## [TASK OBJECTIVE]
Whenever a line contains the string "Stock", copy it out of the entries.

* * * * *

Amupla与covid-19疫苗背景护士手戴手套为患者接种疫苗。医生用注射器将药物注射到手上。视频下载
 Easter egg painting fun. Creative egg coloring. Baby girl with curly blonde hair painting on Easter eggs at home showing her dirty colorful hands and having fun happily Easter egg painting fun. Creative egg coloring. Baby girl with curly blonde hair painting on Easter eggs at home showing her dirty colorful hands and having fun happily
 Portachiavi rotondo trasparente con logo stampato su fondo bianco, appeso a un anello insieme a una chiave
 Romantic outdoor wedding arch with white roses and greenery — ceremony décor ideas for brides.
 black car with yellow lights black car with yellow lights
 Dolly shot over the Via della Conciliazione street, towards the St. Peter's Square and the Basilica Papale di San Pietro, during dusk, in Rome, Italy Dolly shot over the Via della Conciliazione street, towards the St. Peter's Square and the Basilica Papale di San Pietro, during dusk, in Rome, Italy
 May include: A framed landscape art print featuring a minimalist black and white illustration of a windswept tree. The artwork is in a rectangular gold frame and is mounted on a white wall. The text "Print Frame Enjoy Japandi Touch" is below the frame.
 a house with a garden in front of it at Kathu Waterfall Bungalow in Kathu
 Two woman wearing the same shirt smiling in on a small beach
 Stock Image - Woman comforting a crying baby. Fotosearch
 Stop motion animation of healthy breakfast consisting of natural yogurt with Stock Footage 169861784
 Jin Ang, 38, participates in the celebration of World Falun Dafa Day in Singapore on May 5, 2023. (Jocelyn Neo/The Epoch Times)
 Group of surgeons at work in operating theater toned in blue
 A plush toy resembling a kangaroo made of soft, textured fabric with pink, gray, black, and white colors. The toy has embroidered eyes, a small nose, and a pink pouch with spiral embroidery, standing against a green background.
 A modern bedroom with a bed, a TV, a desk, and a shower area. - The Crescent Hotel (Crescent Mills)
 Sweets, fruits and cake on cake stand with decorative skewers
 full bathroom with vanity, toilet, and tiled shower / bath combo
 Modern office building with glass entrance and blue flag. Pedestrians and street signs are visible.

* * * * *

## [ANSWER BOX]
 Stock Image - Woman comforting a crying baby. Fotosearch
 Stop motion animation of healthy breakfast consisting of natural yogurt with Stock Footage 169861784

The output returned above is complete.